Last month, the Congressional Research Service (CRS) issued a report titled “U.S. Naturalization Policy”, by CRS Immigration Policy Analyst William Kandel.

In the report, Mr. Kandel makes passing reference to birthright citizenship, a matter of some controversy these days given a booming business in “birth tourism” among Chinese nationals and others, but, as he notes, delving into it at any depth was beyond the scope of a report on naturalization. I agree, but hope that a future CRS report does focus on the subject. (CIS has explored birthright citizenship at some length. See hereherehere, and here, for example.)

Of equal interest is the portion of the report relating to dual citizenship. Every alien who naturalizes is required by the oath of citizenship to “absolutely and entirely renounce and abjure all allegiance and fidelity to any foreign prince, potentate, state, or sovereignty, of whom or which I have heretofore been a subject or citizen.” (Emphasis added.)

But as Mr.
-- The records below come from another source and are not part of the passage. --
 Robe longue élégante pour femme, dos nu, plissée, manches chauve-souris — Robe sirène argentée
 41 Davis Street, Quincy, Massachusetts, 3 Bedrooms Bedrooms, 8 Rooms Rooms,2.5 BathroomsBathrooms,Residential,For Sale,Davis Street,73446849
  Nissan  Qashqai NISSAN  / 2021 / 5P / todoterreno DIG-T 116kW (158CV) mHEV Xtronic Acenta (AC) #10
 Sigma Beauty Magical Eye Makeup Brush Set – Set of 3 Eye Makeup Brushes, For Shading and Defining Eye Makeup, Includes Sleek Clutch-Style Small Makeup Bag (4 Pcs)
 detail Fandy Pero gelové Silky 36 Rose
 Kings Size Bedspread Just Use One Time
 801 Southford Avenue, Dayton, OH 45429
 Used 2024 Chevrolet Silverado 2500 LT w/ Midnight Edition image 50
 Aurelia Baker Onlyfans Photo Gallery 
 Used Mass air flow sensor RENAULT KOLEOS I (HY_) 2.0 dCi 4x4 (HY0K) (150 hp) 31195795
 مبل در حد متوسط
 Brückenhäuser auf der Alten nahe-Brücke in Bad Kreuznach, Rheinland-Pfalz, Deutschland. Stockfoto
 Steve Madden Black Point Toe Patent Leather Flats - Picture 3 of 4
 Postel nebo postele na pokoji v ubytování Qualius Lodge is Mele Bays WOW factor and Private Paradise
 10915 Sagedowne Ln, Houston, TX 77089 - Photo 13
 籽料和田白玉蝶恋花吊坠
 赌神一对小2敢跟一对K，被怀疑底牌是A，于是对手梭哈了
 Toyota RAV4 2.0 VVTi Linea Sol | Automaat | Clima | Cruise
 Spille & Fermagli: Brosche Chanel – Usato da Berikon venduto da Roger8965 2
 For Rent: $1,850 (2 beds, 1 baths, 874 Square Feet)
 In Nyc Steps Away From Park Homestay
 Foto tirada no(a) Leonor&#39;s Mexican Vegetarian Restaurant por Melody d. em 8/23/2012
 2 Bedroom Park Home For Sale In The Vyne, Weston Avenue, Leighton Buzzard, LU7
Kandel notes, a number of countries, including Mexico, have passed laws that permit its nationals to retain their citizenship even after having naturalized elsewhere:

Because some individuals continue to exercise rights in other countries, some [parties] have expressed concerns that those countries may not know that these individuals have renounced such citizenship upon naturalizing in the United States. Such concerns about divided national loyalties have motivated legislative proposals to alert foreign countries about the naturalization of their former citizens.

I can think of nothing more ineffectual than such a legislative proposal. It is foolish and naïve to assume that Mexico does not know precisely what our naturalization oath requires, or to assume that the Mexican legislature wasn’t deliberately flashing a neon sign to those who now live “al Norte” that they will still be welcomed back as native sons or daughters whenever they return.

At heart, the problem isn’t one of the attitude taken by other governments, it’s the one taken by our own.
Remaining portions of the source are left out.